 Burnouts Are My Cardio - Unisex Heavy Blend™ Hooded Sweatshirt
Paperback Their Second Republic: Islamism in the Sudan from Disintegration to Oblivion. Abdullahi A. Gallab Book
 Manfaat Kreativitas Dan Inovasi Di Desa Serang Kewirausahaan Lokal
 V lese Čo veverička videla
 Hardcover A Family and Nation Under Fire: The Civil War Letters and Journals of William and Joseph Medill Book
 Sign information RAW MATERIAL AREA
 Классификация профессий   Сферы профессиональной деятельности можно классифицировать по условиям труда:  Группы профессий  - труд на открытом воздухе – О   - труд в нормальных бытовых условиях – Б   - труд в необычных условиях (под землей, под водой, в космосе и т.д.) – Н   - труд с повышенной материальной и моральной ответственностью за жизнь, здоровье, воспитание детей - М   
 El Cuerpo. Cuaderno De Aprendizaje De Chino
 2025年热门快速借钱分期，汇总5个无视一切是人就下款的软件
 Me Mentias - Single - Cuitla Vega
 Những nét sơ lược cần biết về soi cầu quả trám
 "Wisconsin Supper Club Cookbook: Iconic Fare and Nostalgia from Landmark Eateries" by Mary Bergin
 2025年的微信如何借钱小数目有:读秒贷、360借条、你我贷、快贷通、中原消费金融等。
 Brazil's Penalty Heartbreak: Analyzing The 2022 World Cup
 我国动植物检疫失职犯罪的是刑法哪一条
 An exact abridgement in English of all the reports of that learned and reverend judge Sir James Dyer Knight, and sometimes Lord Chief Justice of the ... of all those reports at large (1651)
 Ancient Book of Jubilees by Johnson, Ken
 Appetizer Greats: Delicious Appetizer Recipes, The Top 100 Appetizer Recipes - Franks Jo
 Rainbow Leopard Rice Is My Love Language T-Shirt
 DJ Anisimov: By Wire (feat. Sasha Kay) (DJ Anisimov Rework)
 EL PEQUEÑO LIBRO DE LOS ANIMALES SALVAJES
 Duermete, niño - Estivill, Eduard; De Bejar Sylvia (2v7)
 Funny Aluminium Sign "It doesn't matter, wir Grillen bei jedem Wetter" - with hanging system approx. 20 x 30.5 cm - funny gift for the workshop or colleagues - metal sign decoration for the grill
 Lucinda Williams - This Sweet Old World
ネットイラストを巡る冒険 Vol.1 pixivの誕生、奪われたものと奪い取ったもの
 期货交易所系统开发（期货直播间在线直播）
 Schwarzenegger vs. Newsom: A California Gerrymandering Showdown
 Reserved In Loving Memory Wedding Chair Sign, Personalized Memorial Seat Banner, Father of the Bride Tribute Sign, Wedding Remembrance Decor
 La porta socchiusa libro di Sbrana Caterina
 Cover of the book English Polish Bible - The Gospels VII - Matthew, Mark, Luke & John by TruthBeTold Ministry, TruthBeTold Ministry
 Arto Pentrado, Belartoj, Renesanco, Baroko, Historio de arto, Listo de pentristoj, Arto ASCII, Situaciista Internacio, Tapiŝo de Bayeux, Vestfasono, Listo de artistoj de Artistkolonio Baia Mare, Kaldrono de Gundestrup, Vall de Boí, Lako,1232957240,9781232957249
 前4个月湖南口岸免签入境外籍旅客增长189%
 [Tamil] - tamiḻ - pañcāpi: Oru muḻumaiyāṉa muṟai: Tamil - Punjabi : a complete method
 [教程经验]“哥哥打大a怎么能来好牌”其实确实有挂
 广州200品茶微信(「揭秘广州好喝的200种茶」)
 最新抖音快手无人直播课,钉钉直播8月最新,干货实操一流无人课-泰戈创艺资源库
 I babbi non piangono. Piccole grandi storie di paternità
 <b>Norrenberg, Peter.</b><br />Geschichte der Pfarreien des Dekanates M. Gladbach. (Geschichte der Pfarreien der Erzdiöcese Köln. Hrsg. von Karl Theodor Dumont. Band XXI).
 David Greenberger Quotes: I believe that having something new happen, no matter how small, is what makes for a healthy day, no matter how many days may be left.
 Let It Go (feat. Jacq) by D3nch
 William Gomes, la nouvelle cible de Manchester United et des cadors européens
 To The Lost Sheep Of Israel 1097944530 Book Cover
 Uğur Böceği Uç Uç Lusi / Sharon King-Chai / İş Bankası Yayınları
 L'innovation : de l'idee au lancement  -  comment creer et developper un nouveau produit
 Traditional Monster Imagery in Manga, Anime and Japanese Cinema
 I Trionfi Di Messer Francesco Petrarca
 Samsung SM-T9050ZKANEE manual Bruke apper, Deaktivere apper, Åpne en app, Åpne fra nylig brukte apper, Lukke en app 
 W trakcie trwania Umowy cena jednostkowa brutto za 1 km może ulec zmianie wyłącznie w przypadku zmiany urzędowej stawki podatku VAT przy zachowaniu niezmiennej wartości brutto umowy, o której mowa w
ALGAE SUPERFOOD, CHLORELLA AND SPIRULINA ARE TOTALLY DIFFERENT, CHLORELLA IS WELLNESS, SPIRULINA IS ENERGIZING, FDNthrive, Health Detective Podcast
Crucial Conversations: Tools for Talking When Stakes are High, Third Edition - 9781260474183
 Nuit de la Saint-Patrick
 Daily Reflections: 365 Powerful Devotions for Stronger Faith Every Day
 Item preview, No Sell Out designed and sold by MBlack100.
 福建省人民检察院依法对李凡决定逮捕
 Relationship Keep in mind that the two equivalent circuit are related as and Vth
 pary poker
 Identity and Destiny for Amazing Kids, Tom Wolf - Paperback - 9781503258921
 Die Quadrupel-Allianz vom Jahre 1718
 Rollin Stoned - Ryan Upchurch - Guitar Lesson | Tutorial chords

| Task requirements |
Every entry should be reproduced word for word.

| Answer to this exercise |
 Burnouts Are My Cardio - Unisex Heavy Blend™ Hooded Sweatshirt
Paperback Their Second Republic: Islamism in the Sudan from Disintegration to Oblivion. Abdullahi A. Gallab Book
 Manfaat Kreativitas Dan Inovasi Di Desa Serang Kewirausahaan Lokal
 V lese Čo veverička videla
 Hardcover A Family and Nation Under Fire: The Civil War Letters and Journals of William and Joseph Medill Book
 Sign information RAW MATERIAL AREA
 Классификация профессий   Сферы профессиональной деятельности можно классифицировать по условиям труда:  Группы профессий  - труд на открытом воздухе – О   - труд в нормальных бытовых условиях – Б   - труд в необычных условиях (под землей, под водой, в космосе и т.д.) – Н   - труд с повышенной материальной и моральной ответственностью за жизнь, здоровье, воспитание детей - М   
 El Cuerpo. Cuaderno De Aprendizaje De Chino
 2025年热门快速借钱分期，汇总5个无视一切是人就下款的软件
 Me Mentias - Single - Cuitla Vega
 Những nét sơ lược cần biết về soi cầu quả trám
 "Wisconsin Supper Club Cookbook: Iconic Fare and Nostalgia from Landmark Eateries" by Mary Bergin
 2025年的微信如何借钱小数目有:读秒贷、360借条、你我贷、快贷通、中原消费金融等。
 Brazil's Penalty Heartbreak: Analyzing The 2022 World Cup
 我国动植物检疫失职犯罪的是刑法哪一条
 An exact abridgement in English of all the reports of that learned and reverend judge Sir James Dyer Knight, and sometimes Lord Chief Justice of the ... of all those reports at large (1651)
 Ancient Book of Jubilees by Johnson, Ken
 Appetizer Greats: Delicious Appetizer Recipes, The Top 100 Appetizer Recipes - Franks Jo
 Rainbow Leopard Rice Is My Love Language T-Shirt
 DJ Anisimov: By Wire (feat. Sasha Kay) (DJ Anisimov Rework)
 EL PEQUEÑO LIBRO DE LOS ANIMALES SALVAJES
 Duermete, niño - Estivill, Eduard; De Bejar Sylvia (2v7)
 Funny Aluminium Sign "It doesn't matter, wir Grillen bei jedem Wetter" - with hanging system approx. 20 x 30.5 cm - funny gift for the workshop or colleagues - metal sign decoration for the grill
 Lucinda Williams - This Sweet Old World
ネットイラストを巡る冒険 Vol.1 pixivの誕生、奪われたものと奪い取ったもの
 期货交易所系统开发（期货直播间在线直播）
 Schwarzenegger vs. Newsom: A California Gerrymandering Showdown
 Reserved In Loving Memory Wedding Chair Sign, Personalized Memorial Seat Banner, Father of the Bride Tribute Sign, Wedding Remembrance Decor
 La porta socchiusa libro di Sbrana Caterina
 Cover of the book English Polish Bible - The Gospels VII - Matthew, Mark, Luke & John by TruthBeTold Ministry, TruthBeTold Ministry
 Arto Pentrado, Belartoj, Renesanco, Baroko, Historio de arto, Listo de pentristoj, Arto ASCII, Situaciista Internacio, Tapiŝo de Bayeux, Vestfasono, Listo de artistoj de Artistkolonio Baia Mare, Kaldrono de Gundestrup, Vall de Boí, Lako,1232957240,9781232957249
 前4个月湖南口岸免签入境外籍旅客增长189%
 [Tamil] - tamiḻ - pañcāpi: Oru muḻumaiyāṉa muṟai: Tamil - Punjabi : a complete method
 [教程经验]“哥哥打大a怎么能来好牌”其实确实有挂
 广州200品茶微信(「揭秘广州好喝的200种茶」)
 最新抖音快手无人直播课,钉钉直播8月最新,干货实操一流无人课-泰戈创艺资源库
 I babbi non piangono. Piccole grandi storie di paternità
 <b>Norrenberg, Peter.</b><br />Geschichte der Pfarreien des Dekanates M. Gladbach. (Geschichte der Pfarreien der Erzdiöcese Köln. Hrsg. von Karl Theodor Dumont. Band XXI).
 David Greenberger Quotes: I believe that having something new happen, no matter how small, is what makes for a healthy day, no matter how many days may be left.
 Let It Go (feat. Jacq) by D3nch
 William Gomes, la nouvelle cible de Manchester United et des cadors européens
 To The Lost Sheep Of Israel 1097944530 Book Cover
 Uğur Böceği Uç Uç Lusi / Sharon King-Chai / İş Bankası Yayınları
 L'innovation : de l'idee au lancement  -  comment creer et developper un nouveau produit
 Traditional Monster Imagery in Manga, Anime and Japanese Cinema
 I Trionfi Di Messer Francesco Petrarca
 Samsung SM-T9050ZKANEE manual Bruke apper, Deaktivere apper, Åpne en app, Åpne fra nylig brukte apper, Lukke en app 
 W trakcie trwania Umowy cena jednostkowa brutto za 1 km może ulec zmianie wyłącznie w przypadku zmiany urzędowej stawki podatku VAT przy zachowaniu niezmiennej wartości brutto umowy, o której mowa w
ALGAE SUPERFOOD, CHLORELLA AND SPIRULINA ARE TOTALLY DIFFERENT, CHLORELLA IS WELLNESS, SPIRULINA IS ENERGIZING, FDNthrive, Health Detective Podcast
Crucial Conversations: Tools for Talking When Stakes are High, Third Edition - 9781260474183
 Nuit de la Saint-Patrick
 Daily Reflections: 365 Powerful Devotions for Stronger Faith Every Day
 Item preview, No Sell Out designed and sold by MBlack100.
 福建省人民检察院依法对李凡决定逮捕
 Relationship Keep in mind that the two equivalent circuit are related as and Vth
 pary poker
 Identity and Destiny for Amazing Kids, Tom Wolf - Paperback - 9781503258921
 Die Quadrupel-Allianz vom Jahre 1718
 Rollin Stoned - Ryan Upchurch - Guitar Lesson | Tutorial chords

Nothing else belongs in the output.